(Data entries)
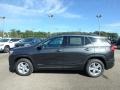 Graphite Gray Metallic - Terrain SLE AWD Photo No. 9
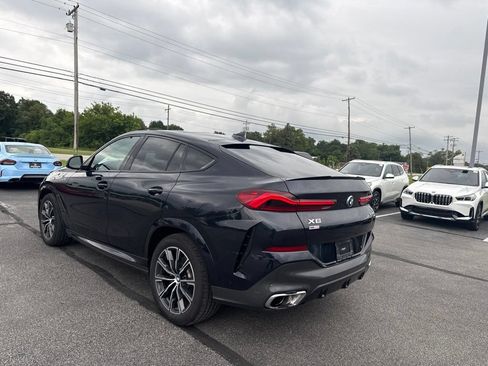Used 2020 BMW X6 xDrive40i w/ M Sport Package AWD/4WD image 5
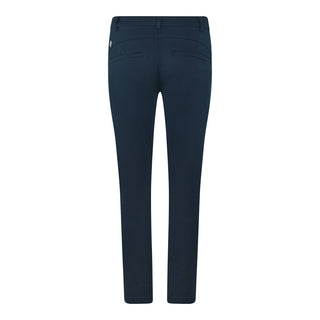 Pure Golf Bernie Lined Ladies Golf Trousers - Navy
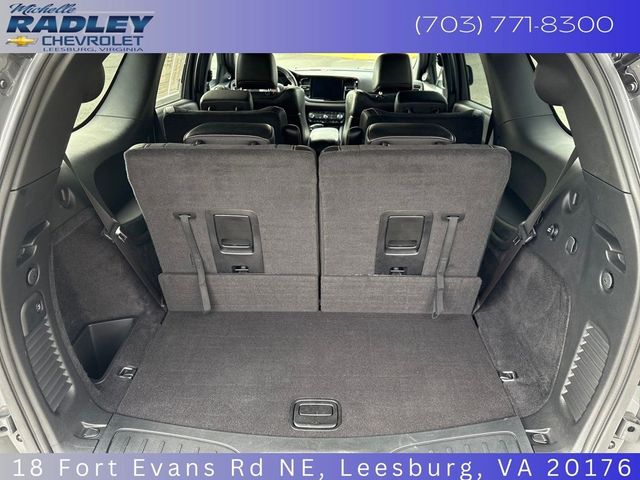 2025 Dodge Durango R/T 20th Anniversary Plus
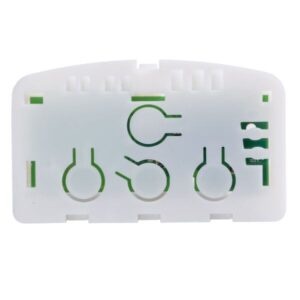 Ovládací panel pro WC Thetford varianta jednostupňový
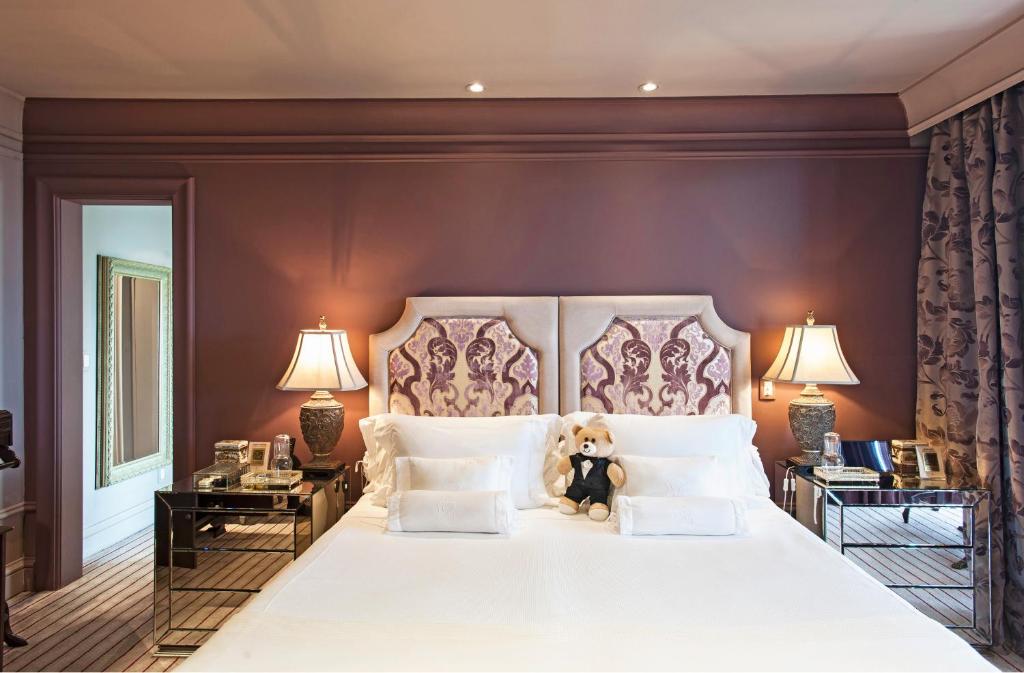 Castelo Saint Andrews - Ruby Special Suite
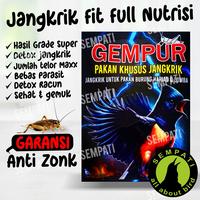 Gambar SEMPATI PAKAN JANGKRIK GEMPUR MAKANAN TERNAK KHUSUS JANGKRIK UNTUK BURUNG MURAI KACER CENDET CUCAK HIJAU PAKAN JANGKRIK HARIAN LOMBA - FRE GANTUNGAN BUAH dari Sempati Bird Shop undefined 3 Tokopedia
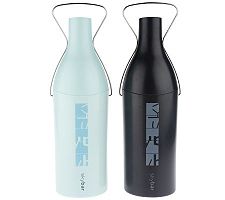 UPC 027045712910 product image for Skybar Set of 2 Insulated Wine Travelers | upcitemdb.com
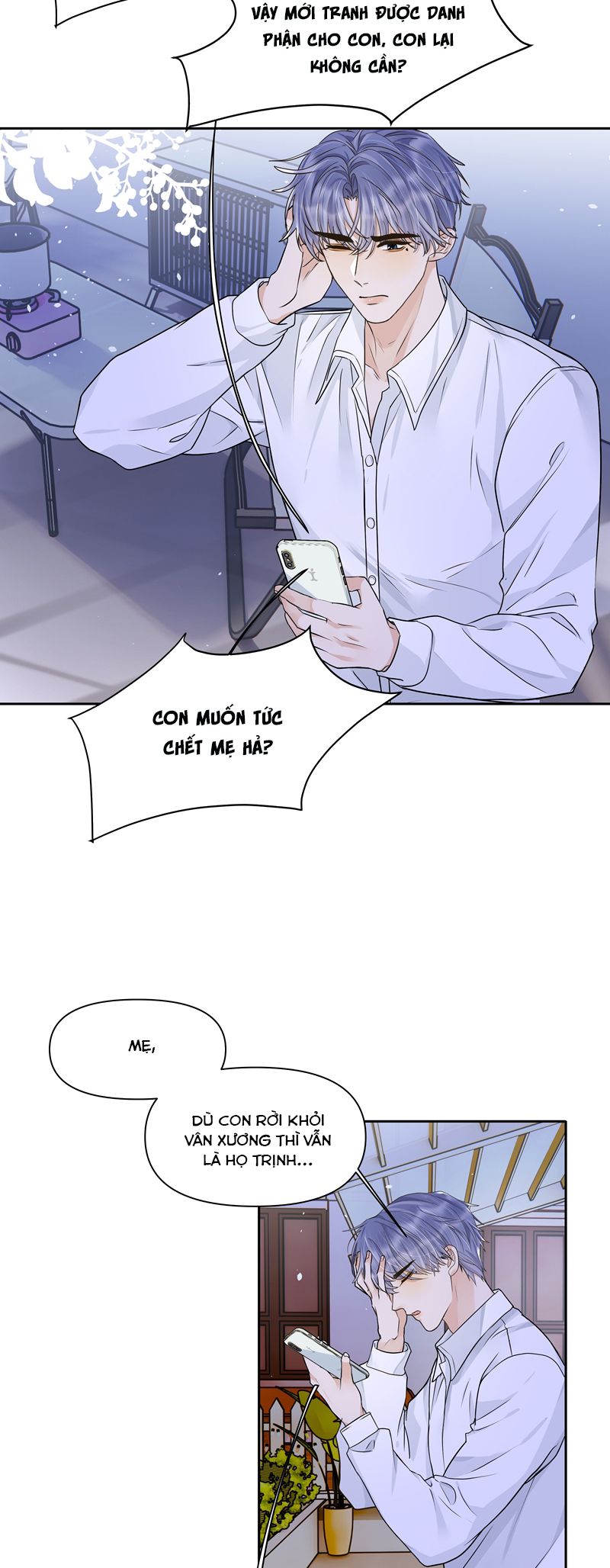 Viên Tiên Sinh Luôn Không Vui Chapter 37 - Trang 4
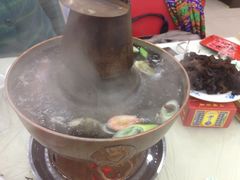 iphone_upload_pic-天津乾毓德饭庄·清真传统炒菜·海鲜烧烤(咸阳路店)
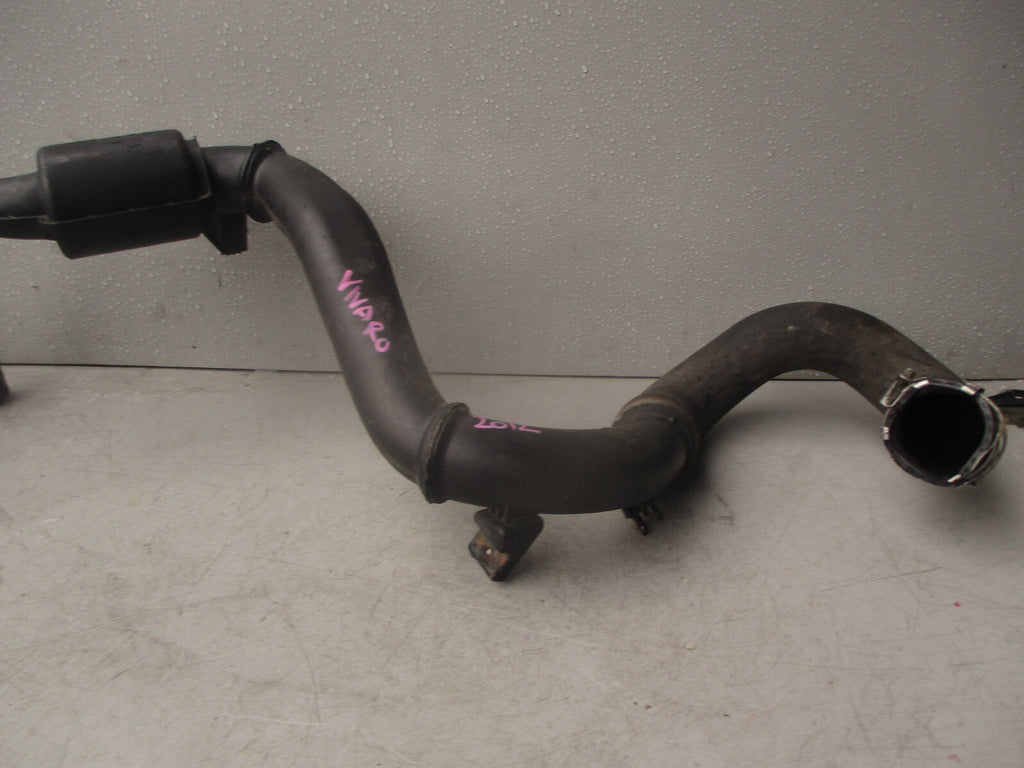 2021 VAUXHALL VIVARO 1.5 DIESEL TURBO INTERCOOLER HOSE 8200760909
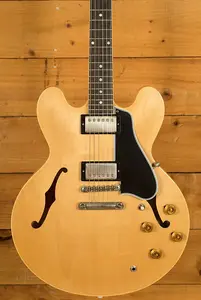 Gibson Custom 1959 ES-335 Reissue | Винтажный натуральный - VOS
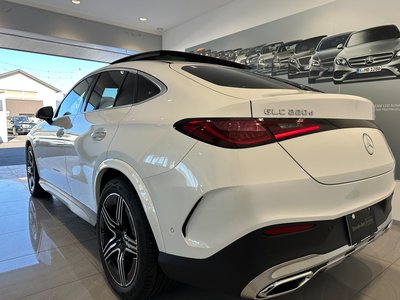 MERCEDES-BENZ GLC COUPE - 7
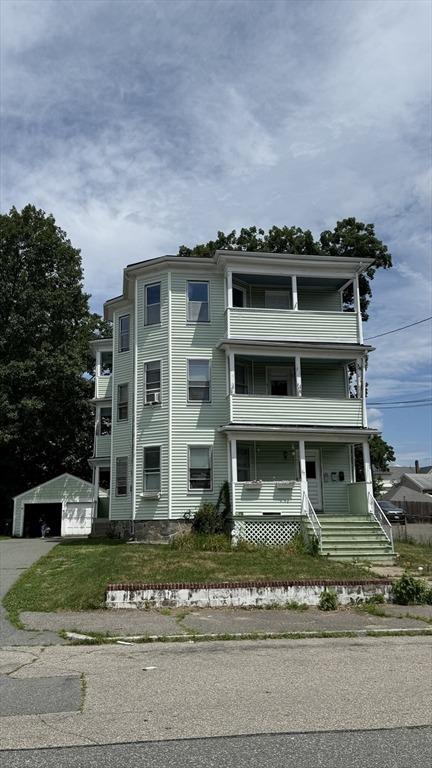 Sycamore Ave, Brockton, MA 02301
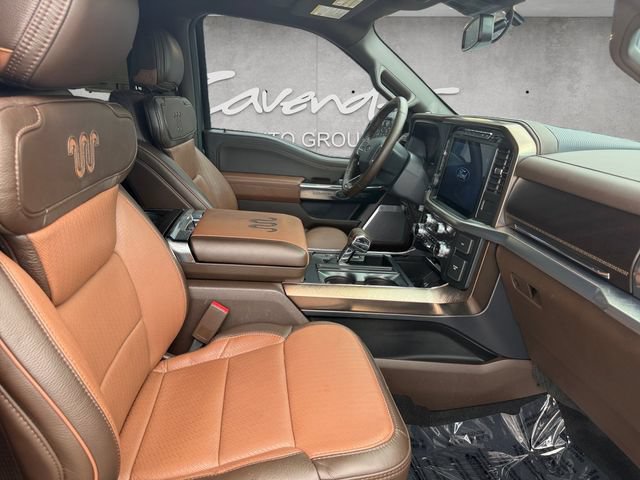 Certified 2024 Ford F150 King Ranch w/ FX4 Off-Road Package AWD/4WD image 25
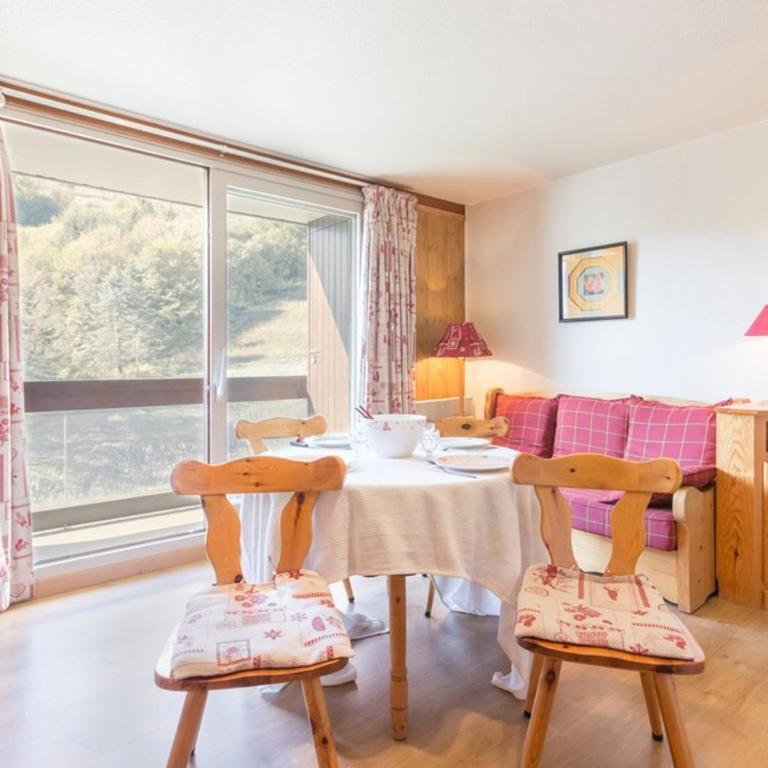 Studio spacieux au pied des pistes avec balcon - Studio - 15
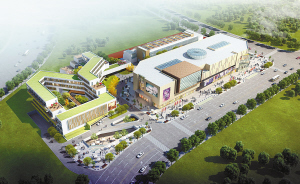 徐州高鐵站區(qū)街坊中心無(wú)電照明應(yīng)用 徐州高鐵站區(qū)街坊中心無(wú)電照明應(yīng)用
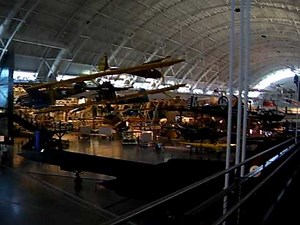 JetFire Transformers 2 Revenge of the Fallen at Smithsonian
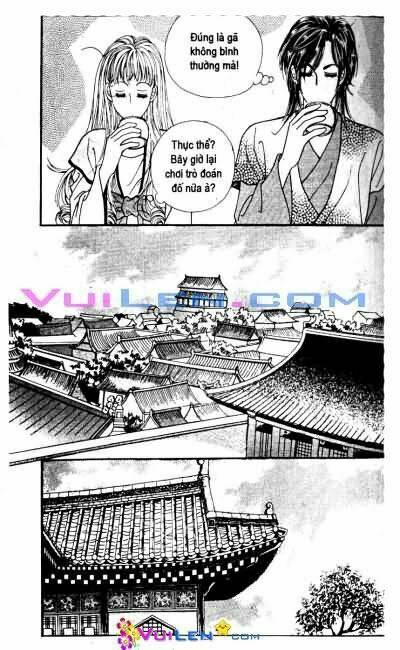 cô nàng đỏm dáng chapter 3 2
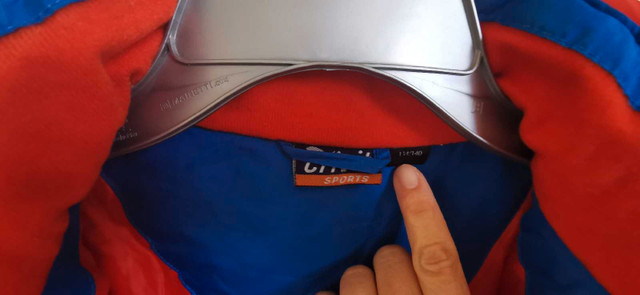 Youth snow jacket 10Y - photo 3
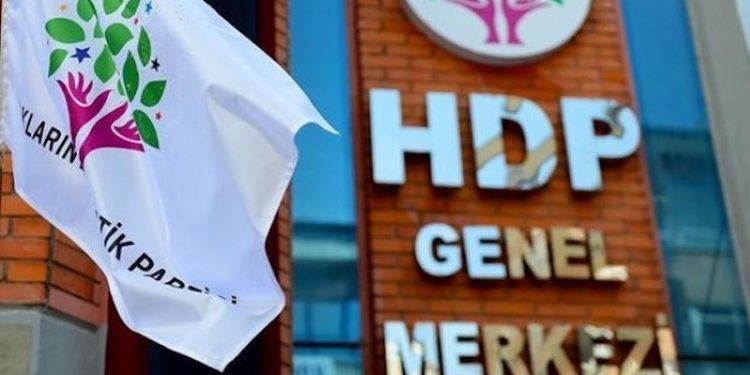 HDP'den Gazi, Ümraniye ve Qamişlo katliamları mesajı: Hedef özgürlük talepleriydi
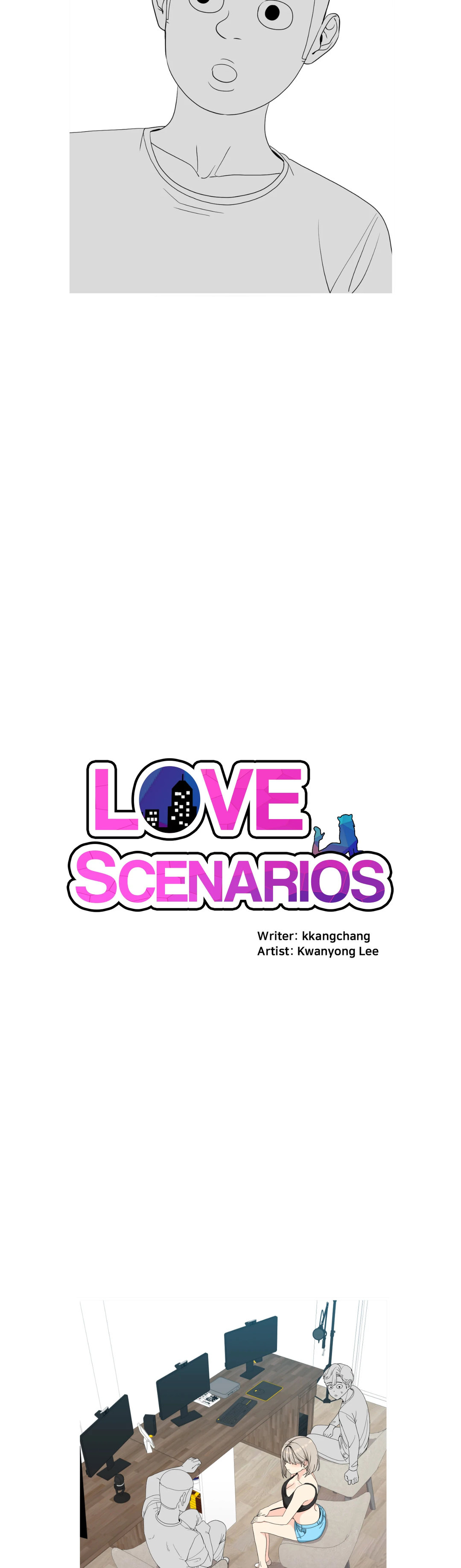 Love Scenarios chapter 10 page 2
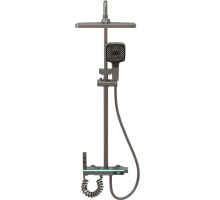 Душевая система ПРОФСАН ПСМ900-83GA тип СмВДшОРНТрА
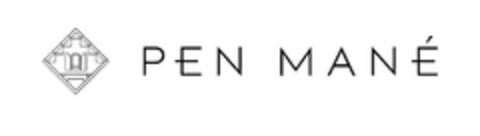 PEN MANÉ Logo (EUIPO, 09.11.2022)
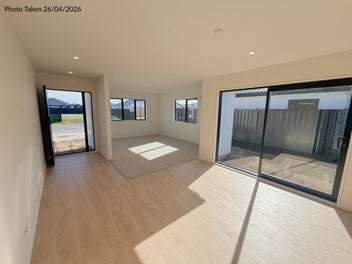 Move-In Soon! Brand-New Family Home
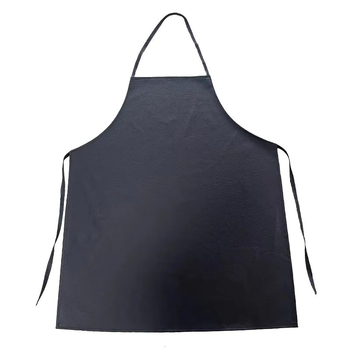 Δερμάτινη ποδιά, αδιάβροχη και ανθεκτική στα έλαια, μαλακό παχύτερο δέρμα, ανθεκτική στη φθορά, unisex κουζίνας, μεσαίου μήκους, ανθεκτική σε οξέα και αλκάλια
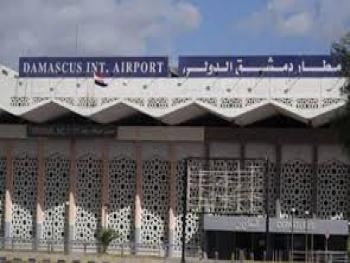 وزارة النقل: تسيير رحلات جوية على متن السورية للطيران من دمشق إلى بيروت اعتباراً من 20 الجاري 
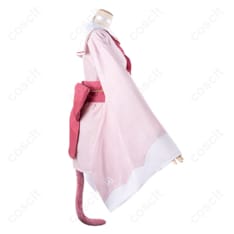 ブルーアーカイブ（ブルアカ） 百鬼夜行連合学院 クロレラ観察部のモブ 制服 コスプレ衣装 着物風セーラー服（高忠実再現・コスプレ通販） - 4枚目の画像（サムネイル）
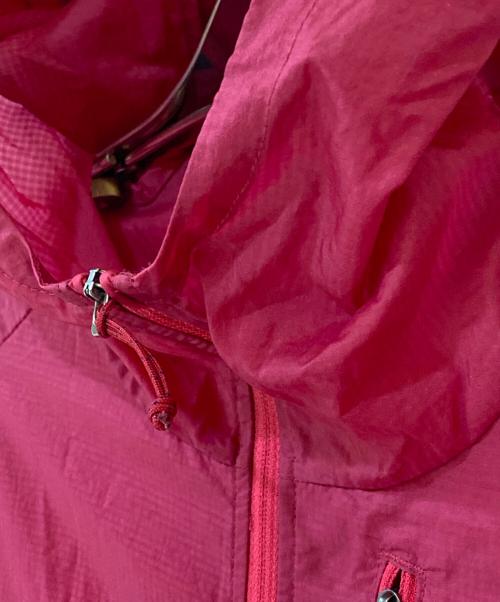 Patagonia（パタゴニア）Patagonia (パタゴニア) フーディニ・ジャケット レッド サイズ:Sの古着・服飾アイテム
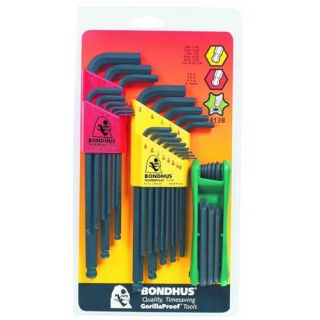 Bondhus - BONDHUS triple pack BLX9/BLX13/TF8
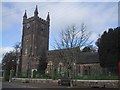 Church of St John the Baptist, Witheridge in EX16 8AH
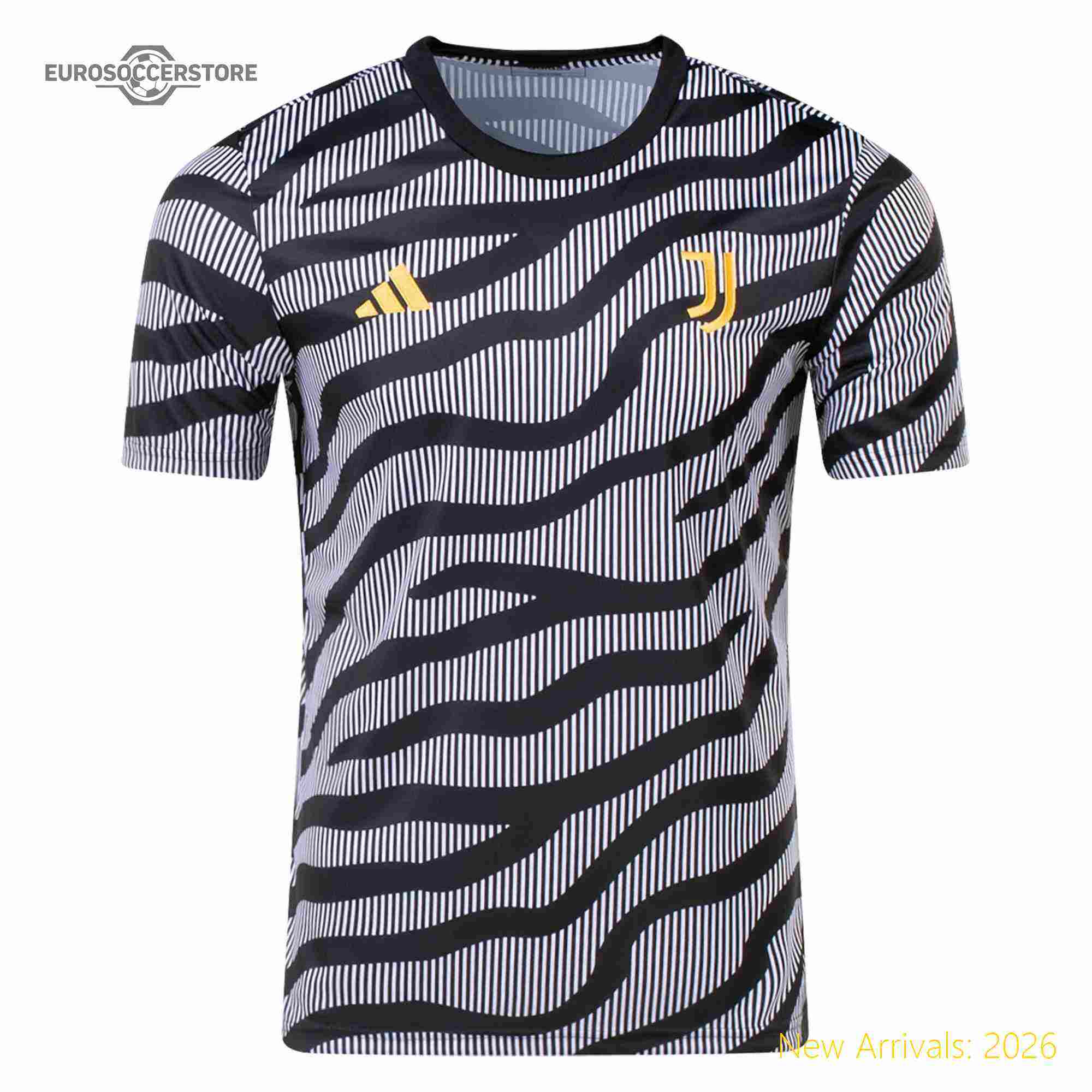 Trendy Official Men Juv Attacking Threat Unknown Jersey 2023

WHAT THE TASK ASKS:
Once you find the line with "PEN MANÉ Logo (EUIPO, 09.11.2022)", restate it and every later line of the data word for word, excluding the pictures.

OUTPUT OF THE TASK:
 PEN MANÉ Logo (EUIPO, 09.11.2022)
 Move-In Soon! Brand-New Family Home
 Δερμάτινη ποδιά, αδιάβροχη και ανθεκτική στα έλαια, μαλακό παχύτερο δέρμα, ανθεκτική στη φθορά, unisex κουζίνας, μεσαίου μήκους, ανθεκτική σε οξέα και αλκάλια
 وزارة النقل: تسيير رحلات جوية على متن السورية للطيران من دمشق إلى بيروت اعتباراً من 20 الجاري 
 ブルーアーカイブ（ブルアカ） 百鬼夜行連合学院 クロレラ観察部のモブ 制服 コスプレ衣装 着物風セーラー服（高忠実再現・コスプレ通販） - 4枚目の画像（サムネイル）
 Patagonia（パタゴニア）Patagonia (パタゴニア) フーディニ・ジャケット レッド サイズ:Sの古着・服飾アイテム
 Bondhus - BONDHUS triple pack BLX9/BLX13/TF8
 Church of St John the Baptist, Witheridge in EX16 8AH
 Trendy Official Men Juv Attacking Threat Unknown Jersey 2023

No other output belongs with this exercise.